#### Provided data
· · · ·

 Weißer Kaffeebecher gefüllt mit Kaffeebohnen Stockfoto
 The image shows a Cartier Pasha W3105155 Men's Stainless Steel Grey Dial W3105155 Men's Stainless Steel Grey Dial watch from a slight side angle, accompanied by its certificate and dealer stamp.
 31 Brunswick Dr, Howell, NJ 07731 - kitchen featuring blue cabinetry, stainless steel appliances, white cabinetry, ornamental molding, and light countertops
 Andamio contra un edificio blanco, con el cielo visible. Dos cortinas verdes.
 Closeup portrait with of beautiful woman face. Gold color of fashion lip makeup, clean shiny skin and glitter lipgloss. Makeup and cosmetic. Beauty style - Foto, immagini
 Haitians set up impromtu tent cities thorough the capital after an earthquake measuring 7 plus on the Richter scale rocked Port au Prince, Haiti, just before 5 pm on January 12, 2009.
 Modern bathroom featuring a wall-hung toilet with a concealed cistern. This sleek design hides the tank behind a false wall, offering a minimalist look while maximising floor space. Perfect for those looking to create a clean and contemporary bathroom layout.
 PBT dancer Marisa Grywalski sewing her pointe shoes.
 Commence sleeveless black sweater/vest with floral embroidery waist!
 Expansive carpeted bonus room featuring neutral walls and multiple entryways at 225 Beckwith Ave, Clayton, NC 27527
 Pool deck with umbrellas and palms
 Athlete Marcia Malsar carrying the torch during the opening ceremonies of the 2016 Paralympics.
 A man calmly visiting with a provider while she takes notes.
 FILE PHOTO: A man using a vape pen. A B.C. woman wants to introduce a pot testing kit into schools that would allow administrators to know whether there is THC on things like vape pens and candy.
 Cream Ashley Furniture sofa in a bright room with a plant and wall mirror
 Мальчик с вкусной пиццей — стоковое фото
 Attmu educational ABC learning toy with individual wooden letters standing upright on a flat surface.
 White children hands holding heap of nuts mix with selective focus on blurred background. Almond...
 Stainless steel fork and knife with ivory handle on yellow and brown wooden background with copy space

· · · ·

#### Problem
Copy the lines from the one with "White children hands" through the last line of the material above, exactly as they are and with no others.

#### Answer space
 White children hands holding heap of nuts mix with selective focus on blurred background. Almond...
 Stainless steel fork and knife with ivory handle on yellow and brown wooden background with copy space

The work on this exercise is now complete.